Italiani vittima di una truffa da 60 milioni in Cina

La Città della Pietra doveva sorgere in Cina, sulle sponde del Mar Giallo. L’idea era venuta a due imprenditori italiani e a un loro collega cinese che avevano pensato di creare un grande parco industriale a Dafeng, nella provincia di Jiangsu, dove far arrivare via nave i marmi di mezzo mondo per tagliarli in lastre e venderli sul mercato cinese. A loro si sono aggiunti poi altri sei soci connazionali e otto fra spagnoli, olandesi e indiani. Tutti a investire su questo progetto che sfruttava le opportunità offerte da un grande porto commerciale e dalla vicina striscia di terra sottratta al mare e messa in vendita per realizzare dei capannoni industriali.
Creata una società con sede legale a Hong Kong, la Ouhua stone company, gli imprenditori hanno così acquistato dal Comune di Dafeng 133 ettari di terreno iniziando a costruire. Costo dell’investimento: 60 milioni di euro. In breve tempo sono sorti i primi capannoni e la macchina del vapore si è messa in moto. Tutto procedeva per il meglio quando gli italiani si sono accorti che sugli stessi terreni qualcuno stava costruendo altre fabbriche che nulla c’entravano con la Città della Pietra. Il presidente di Ouhua, Massimo Gallus, cavatore di Orosei, la racconta così: «Abbiamo chiesto chi fossero e cosa stessero facendo. “Un impianto di desalinizzazione dell’acqua”, dicono. E la costruite sui nostri terreni!? “Come vostri? Li abbiamo comprati dal governo”. “Impossibile: li abbiamo presi noi”. Ci sono i documenti: certificati, autorizzazioni, licenze, tasse pagate... Ma anche loro risultavano proprietari. Era accaduto l’incredibile: il Comune di Dafeng aveva venduto due volte la stessa terra». Non solo. «L’ente marittimo cinese ha dichiarato illegittime le nostre attività perché realizzate su aree marine rispetto alle quali il governo della città non avrebbe alcuna competenza».

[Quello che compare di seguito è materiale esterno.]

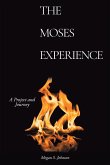 The Moses Experience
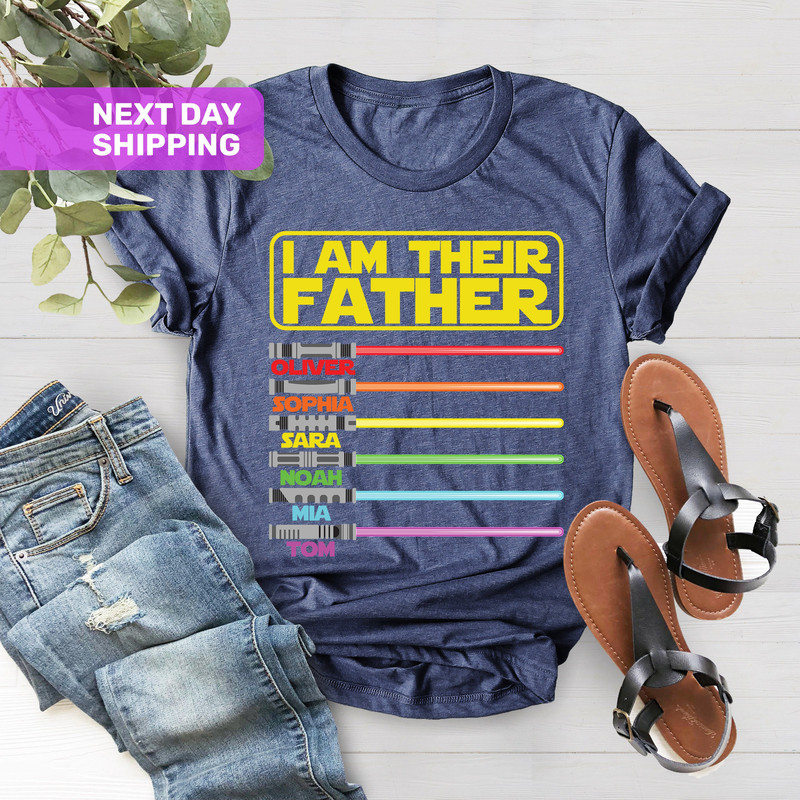 I Am Their Father Personalized Shirt, Custom Shirt With Lightsabers, Family Matching Tee, Dad Shirt, Fathers Day, Personalized Father Shirt - 4.jpg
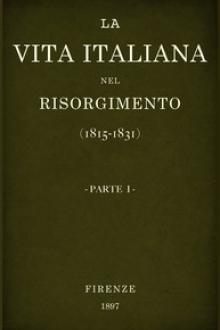 La vita Italiana nel Risorgimento (1815-1831), parte 1 by Various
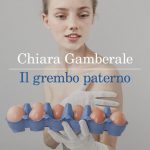 Consigli di lettura. Il grembo paterno.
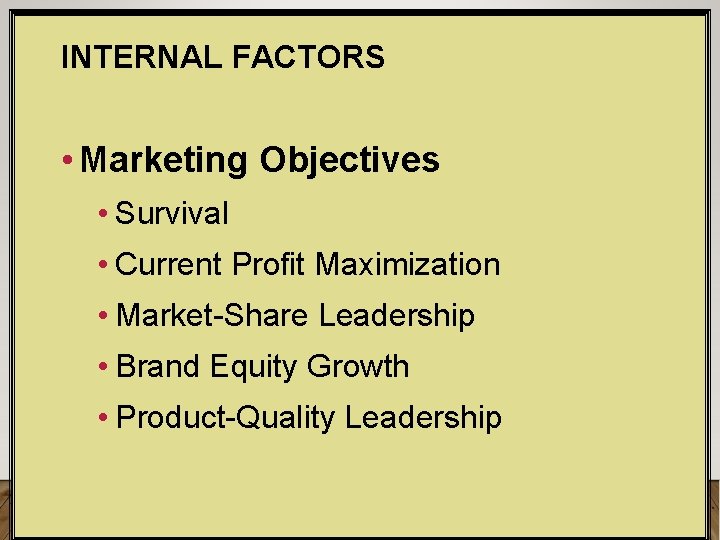 INTERNAL FACTORS • Marketing Objectives • Survival • Current Profit Maximization • Market-Share Leadership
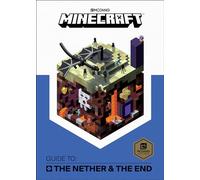 Guide To The Nether & The End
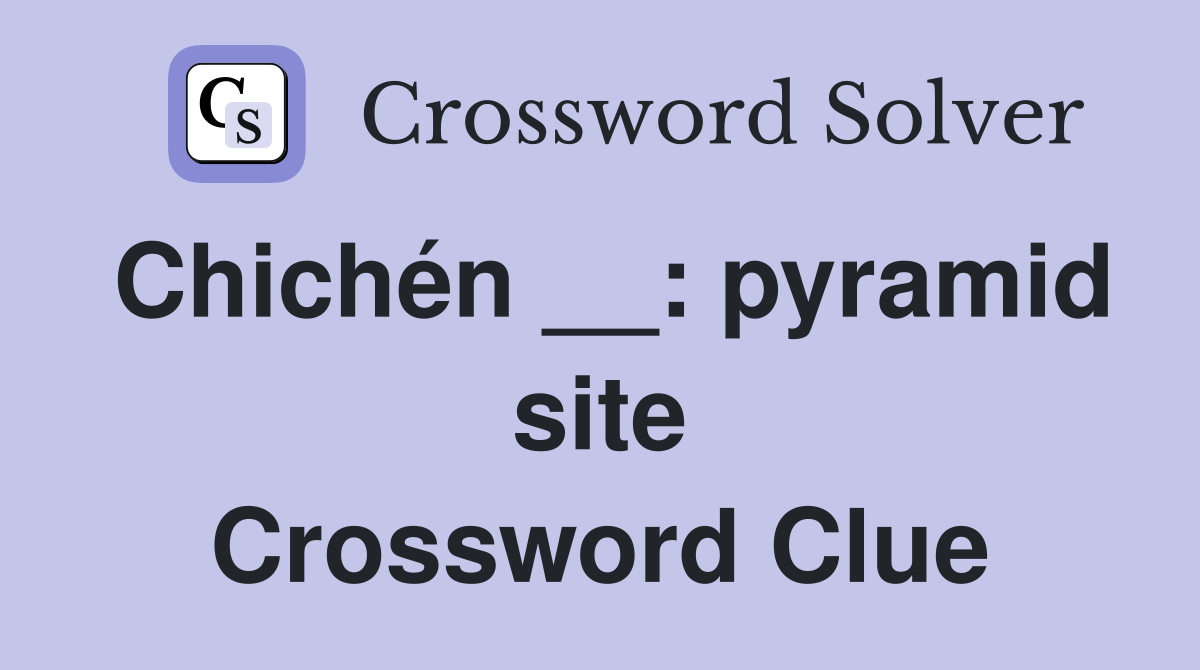 Chichén __: pyramid site Crossword Clue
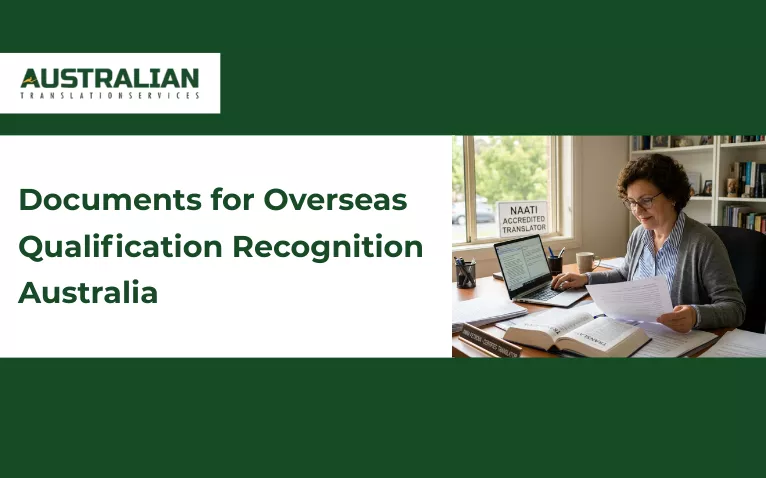 Banner showing human translator specifying the documents required for overseas qualification recognition in Australia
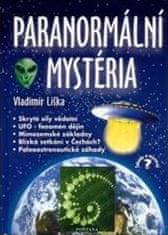 Vladimír Liška: Paranormální mystéria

Ma com’è possibile che un Comune venda un’area di cui non dispone e dia pure tutte le autorizzazioni a edificare e produrre? C’è un po’ di Totò e di fontana di Trevi in questa storia di malaffare. «Ma Totò era un privato, questo è un ente pubblico uhè». Urlano alla grande truffa. E il Comune di Dafeng che dice? «I funzionari della doppia beffa irreperibili, gli altri sono caduti dalle nuvole». Sono scattati anche una decina di arresti. «Riteniamo che il governo centrale cinese e altri soggetti istituzionali siano all’oscuro della vicenda». Nel frattempo le fabbriche sono state chiuse e alcuni capannoni demoliti.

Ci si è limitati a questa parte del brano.